A Scottish Council has unanimously rejected a motion to fly the Irish flag over three separate council buildings in the central Scottish region on April 24 to mark the 1916 centenary.
The motion was proposed in January of this year by the Irish republican group Cairde na hÉireann and was given the go-ahead by by North Lanarkshire’s public affairs committee in February.
“We want to celebrate our Irishness on the day of the Easter Rising,” said Cairde na hÉireann’s national organizer Franny McAdam at the time.
However, the North Lanarkshire Council threw out the proposal last week (Feb. 25) at their first full meeting since the motion was passed.
Read more about the 1916 centenary here
Discussing the controversial issue with The Irish Post, Dr Joe Bradley, an academic at the University of Stirling with a background in modern history and political science, said: “In certain circumstances, for some people flying the Irish flag can be seen as a respectful gesture to those of Irish descent for their contribution to building modern Scotland and as a critical event in their ethnic background history.

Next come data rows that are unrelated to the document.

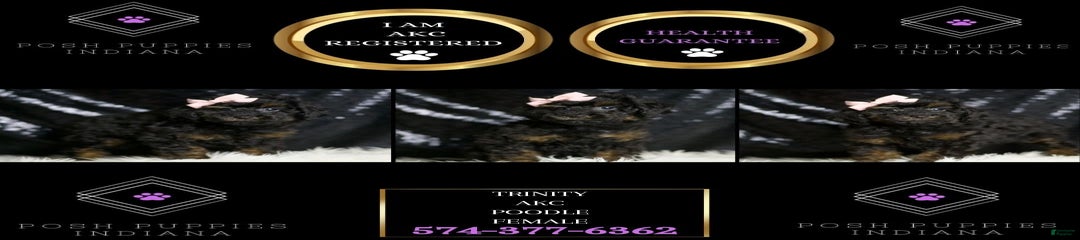 Trinity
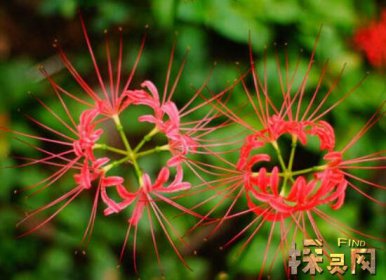 十大不吉利花排行榜，降財破財、遺失美好、招來鬼怪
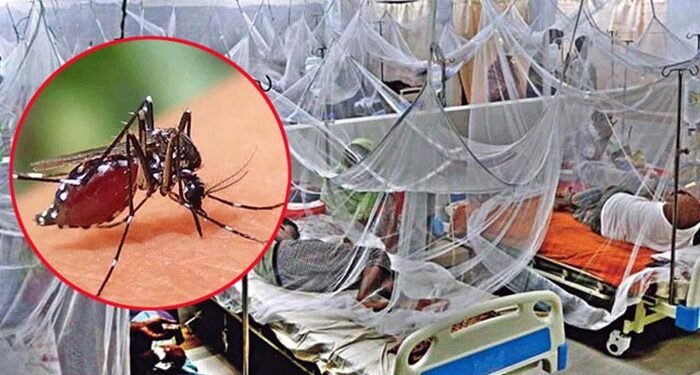 ছবিঃ সংগৃহীত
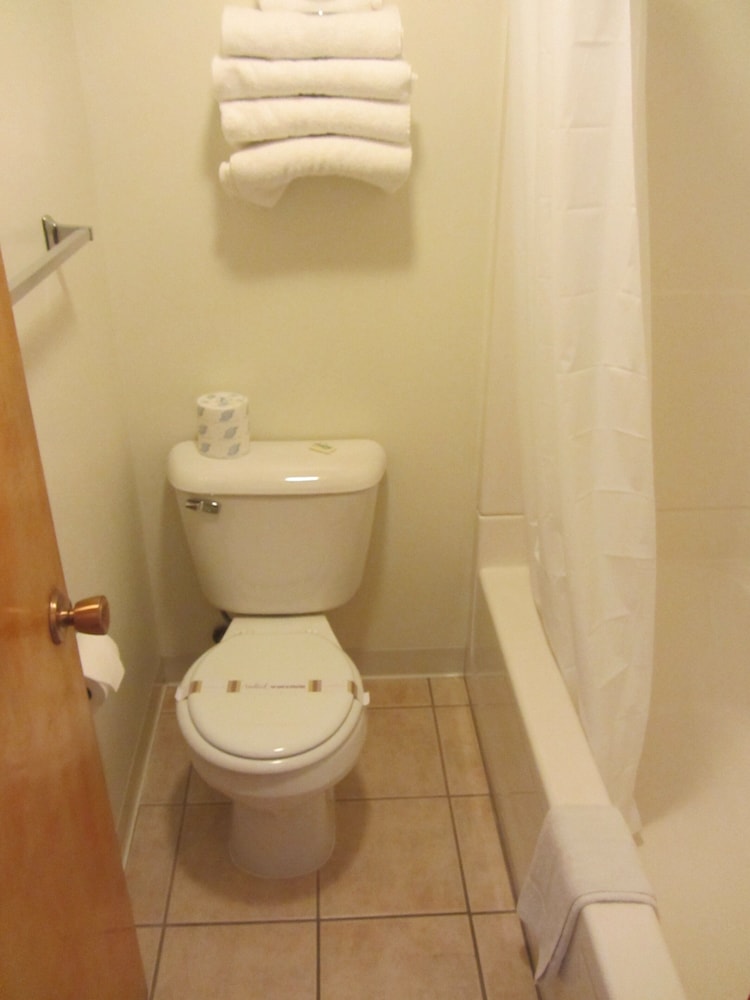 Green Dolphin Motel - photo 45
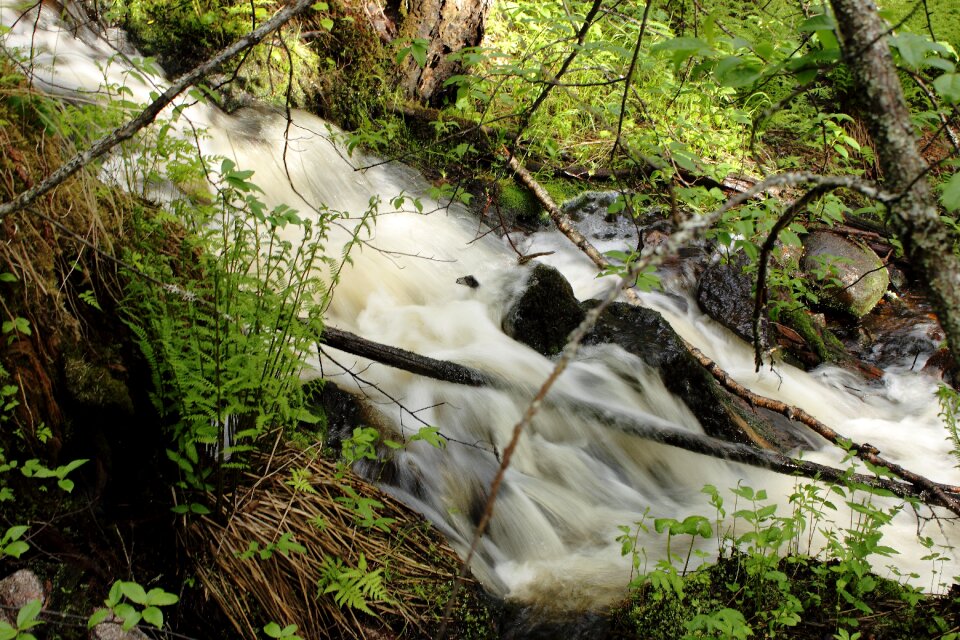 Water jet forest living nature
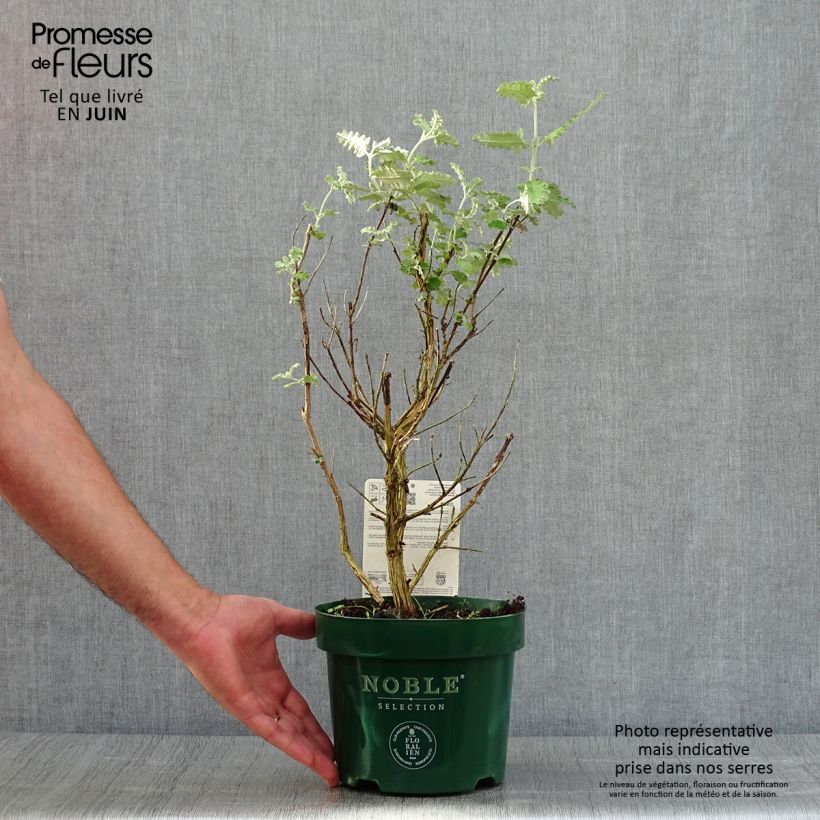 Exemplar von Buddleja glomerata Silver Service - Sommerflieder Topf mit 3L/4L wie im Sommer geliefert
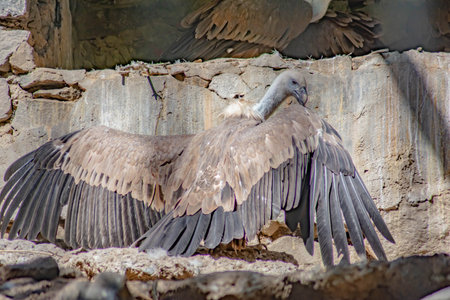 The vulture spread its wings. Great Vulture in the wild. Large birds of preyの写真素材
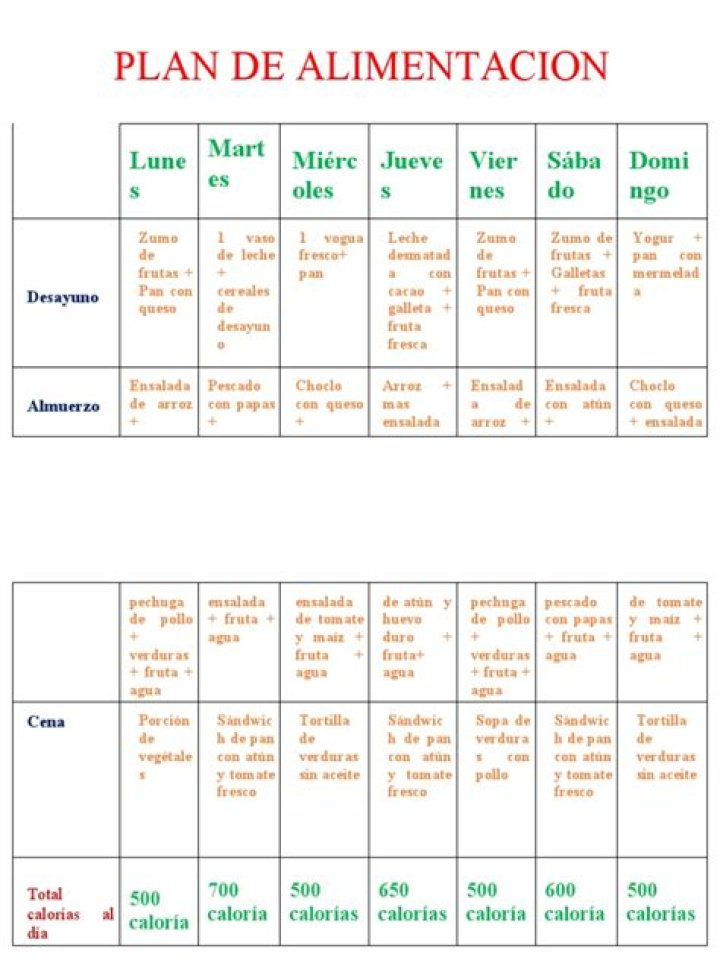 Plan de Alimentación PDF: Guía Completa y Recetas Saludables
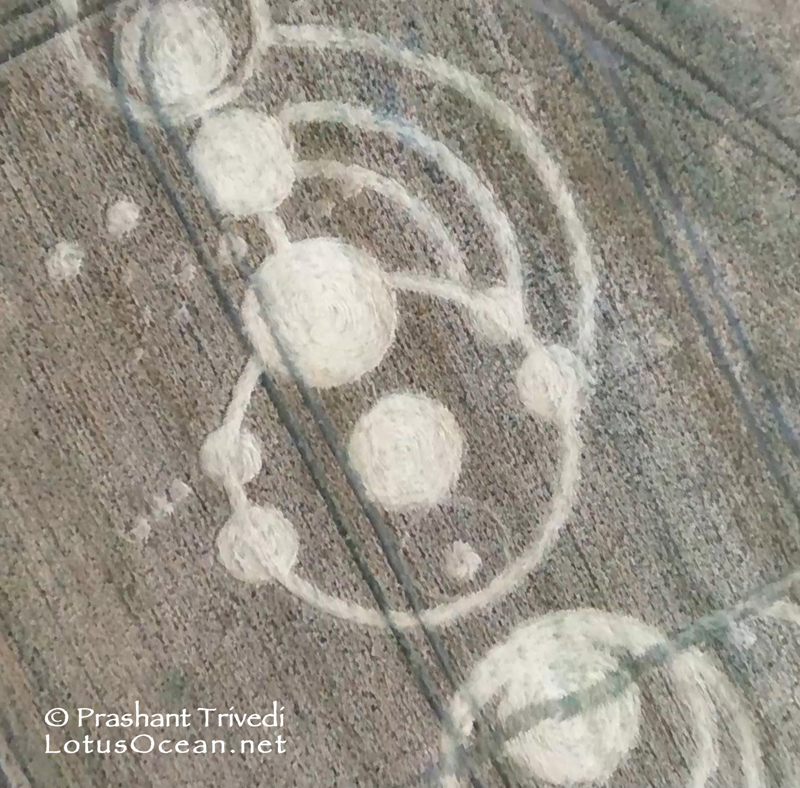 Crop Circles 2016 ~ 3 New in the UK Grown_essex09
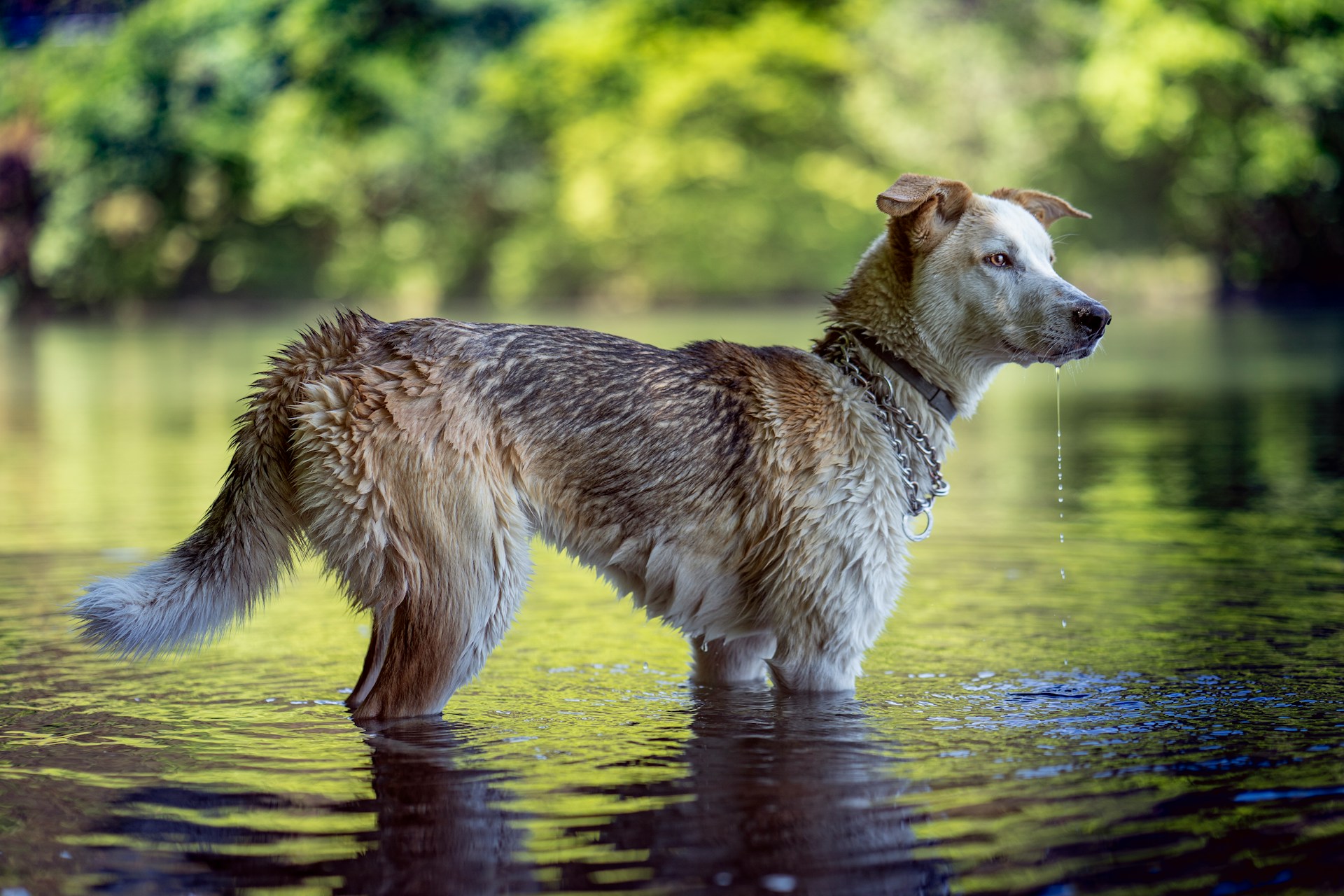 You should never let your dog drink out of creeks, lakes, or puddles. Water-borne diseases can have serious consequences.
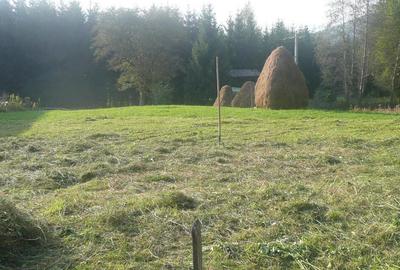 Teren intravilan situat in Traisteni - 2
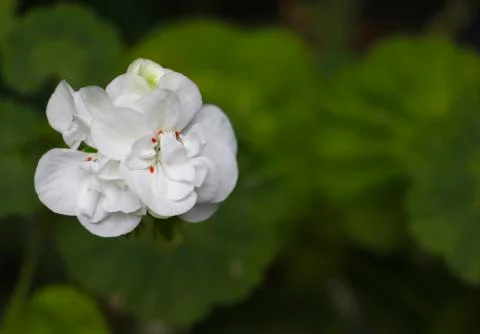 White geranium flower Stock Photos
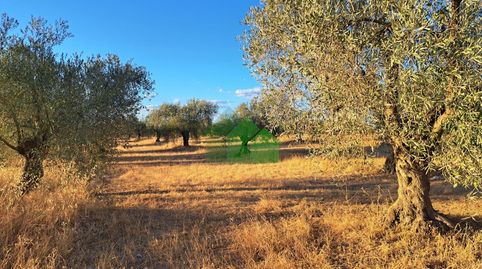 TIERRA DE SECANO PLANTADA DE OLIVOS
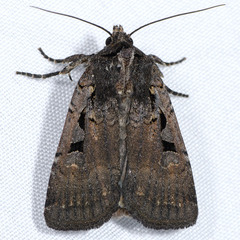 Parabagrotis insularis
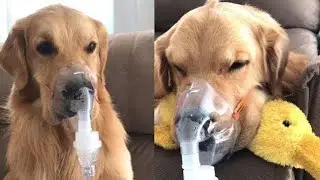 Daily dose - A REALLY SICK DOG 🐕 #dailydoseofinternet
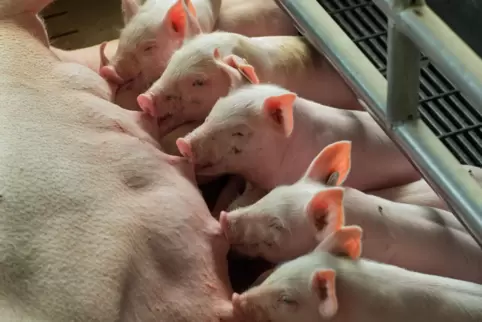 Niedrige Fleischpreise, hohe Kosten: Besonders die Schweinezüchter haben große Schwierigkeiten. 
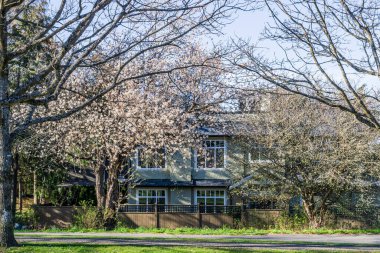 RICHMOND, CANADA - 09 Nisan 2020: Bahar parkında taze pembe çiçekli kiraz ağaçları.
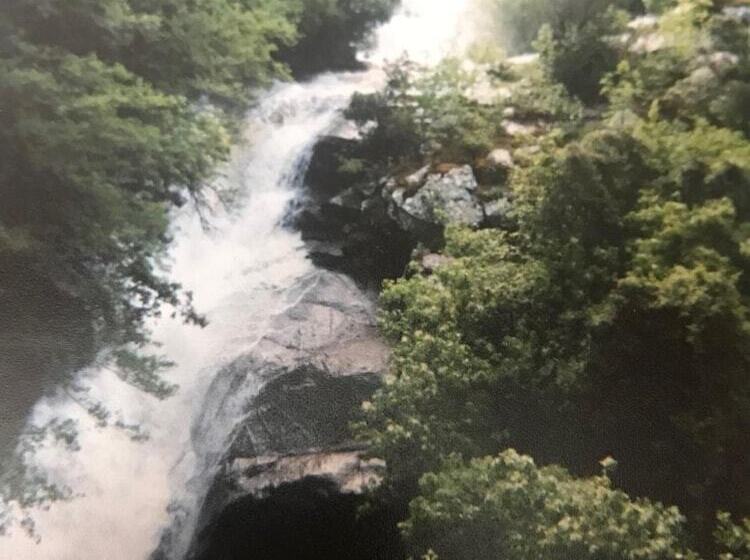 ペンション Chambre D Hôte Le Paradis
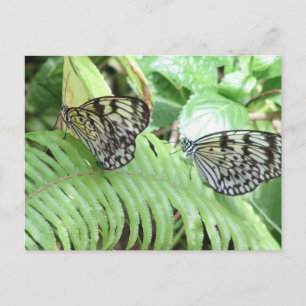 Cartão Postal Borboletas no cartão-postal Fern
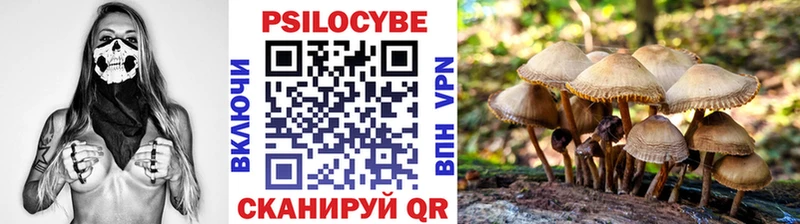 Купить где  Новохопёрск  Галлюциногенные грибы Psilocybine cubensis 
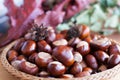 A composition of chestnuts and cone and leaves Royalty Free Stock Photo
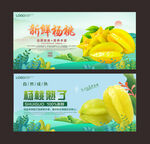杨桃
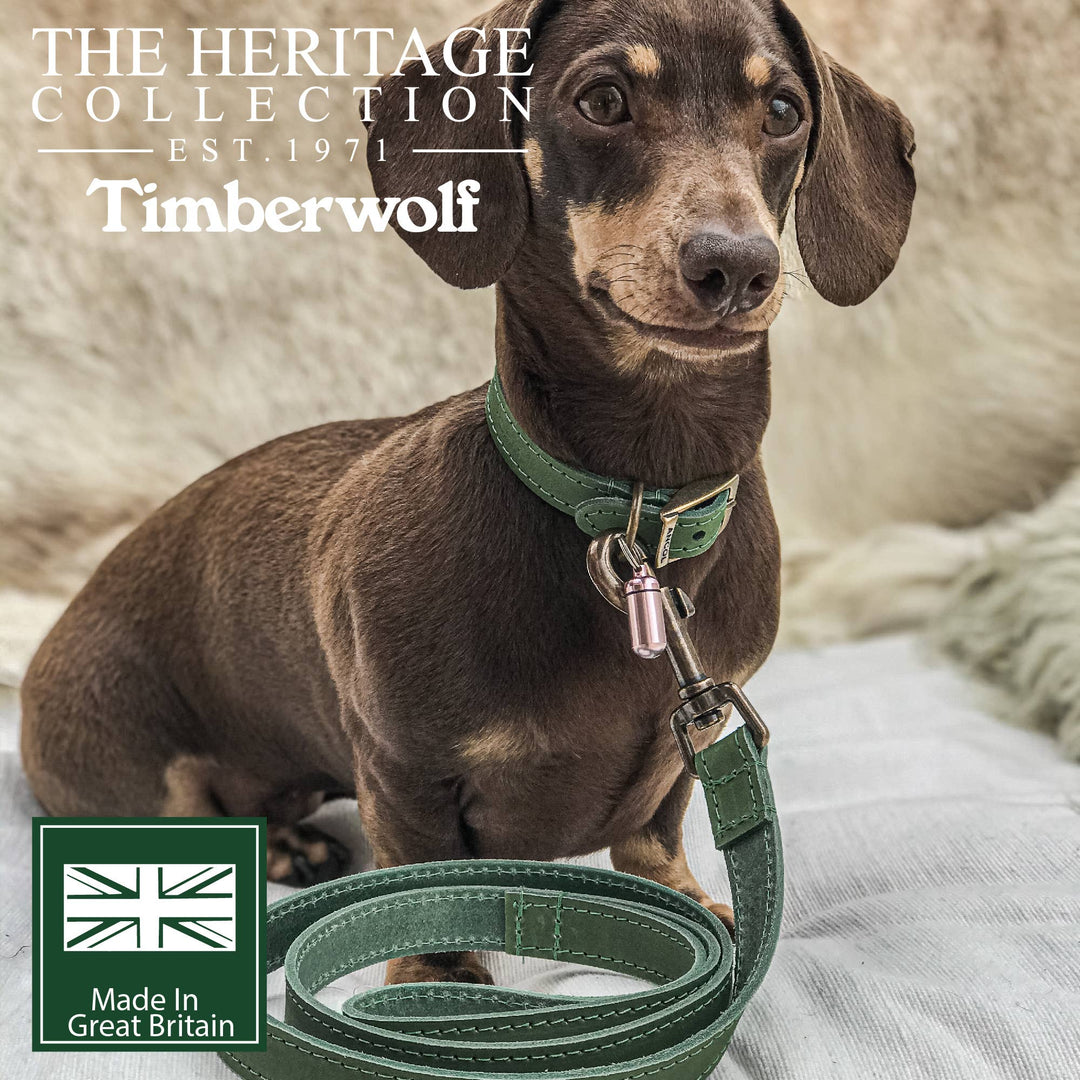 Timberwolf Leather Lead - various colours- 1m x 19mm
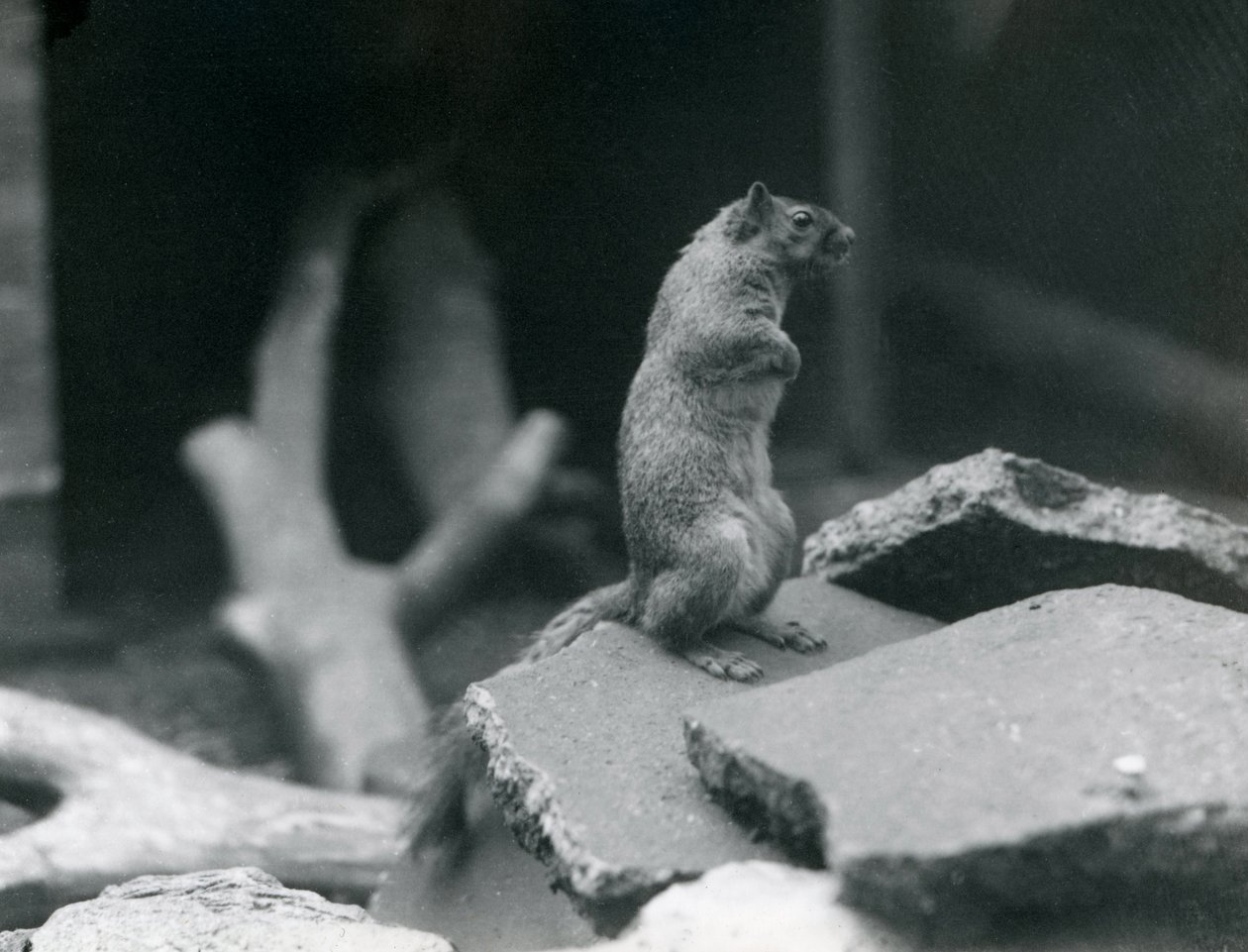 Et vulkan- eller ræveegern satte sig på klipper i London Zoo. august 1916. af Frederick William Bond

“Beyond this community though most others in wider society will not celebrate the Easter Uprising. After all, few within Britain have much knowledge about the event.
“Furthermore, the rebellion was against perceived British imperialism in Ireland,” he added.
“In context, the way the flag issue has developed on this occasion is unsurprising.”
Keith Russell, manager of Malone’s Irish Pub in Glasgow, called the debate over the flag “pathetic.”
“Everybody wants to celebrate it in their own way and should be able to,” he said.
“I’m from Belfast so I’ve seen the patheticness of flag issues and protests so it’s not something that interests me.”
The Scottish Saltire or the Union Jack may be flown over public buildings on certain days, but flying any other flag requires permission, according to current protocol.
After the motion was passed, local Labour Party councillors, who make up the majority of the 79 seat North Lanarkshire council, met privately and decided to vote against flying the Irish flag. Labour’s fellow councillors sided with the main party for a no vote against the proposal, making it unanimous.